## Work instructions
The whole listing, except its pictures, is to be repeated exactly.

## Source data
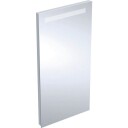 Spejl Renova Compact M/Lys 40X80cm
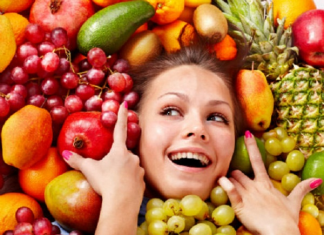 Những loại thực phẩm tốt cho da bạn không thể bỏ qua nếu muốn sở hữu làn da đẹp Những loại thực phẩm tốt cho da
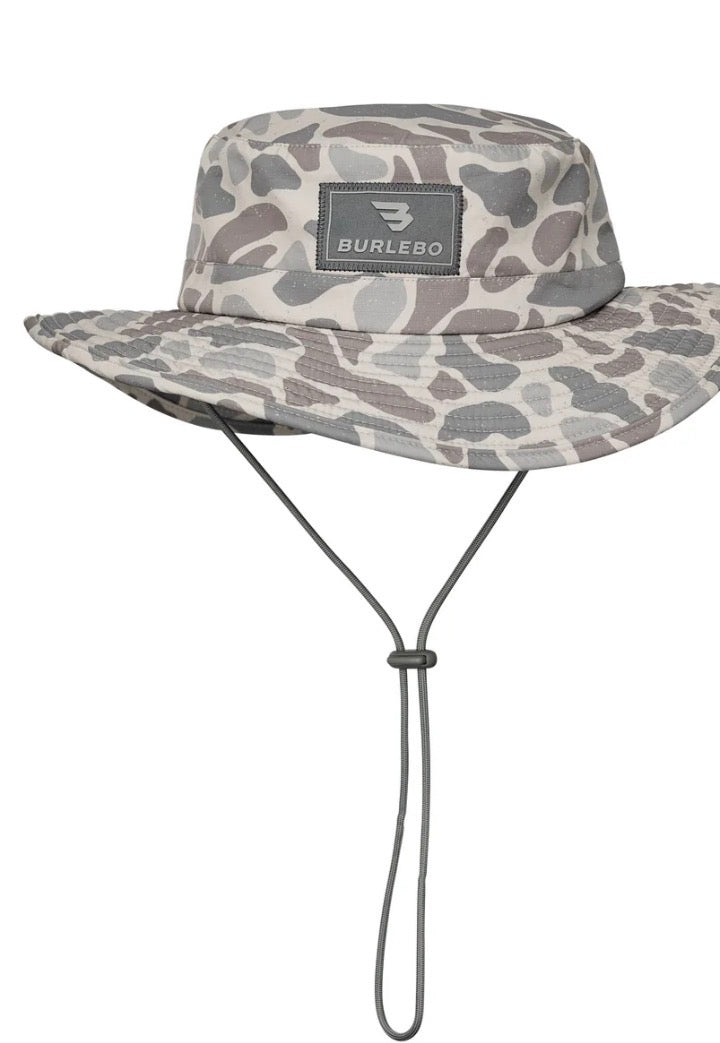 Bucket Hat - Classic Deer Camo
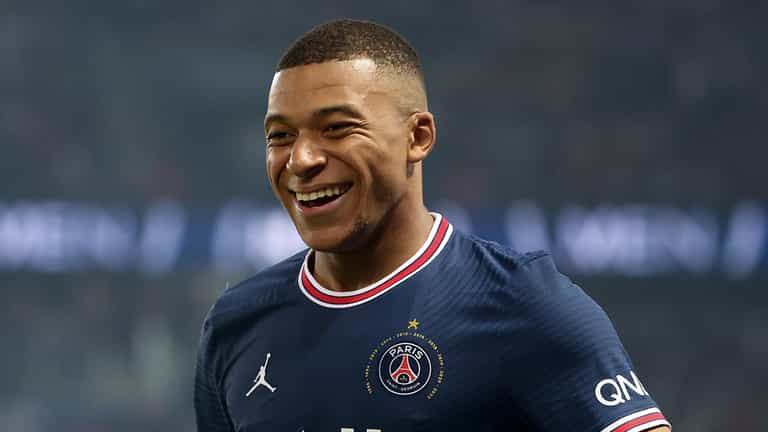 Kylian Mbappe told Perez he was staying at PSG in leaked WhatsApp message Kylian Mbappe told Perez he was staying at PSG in leaked WhatsApp message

## Completed task
 Spejl Renova Compact M/Lys 40X80cm
 Những loại thực phẩm tốt cho da bạn không thể bỏ qua nếu muốn sở hữu làn da đẹp Những loại thực phẩm tốt cho da
 Bucket Hat - Classic Deer Camo
 Kylian Mbappe told Perez he was staying at PSG in leaked WhatsApp message Kylian Mbappe told Perez he was staying at PSG in leaked WhatsApp message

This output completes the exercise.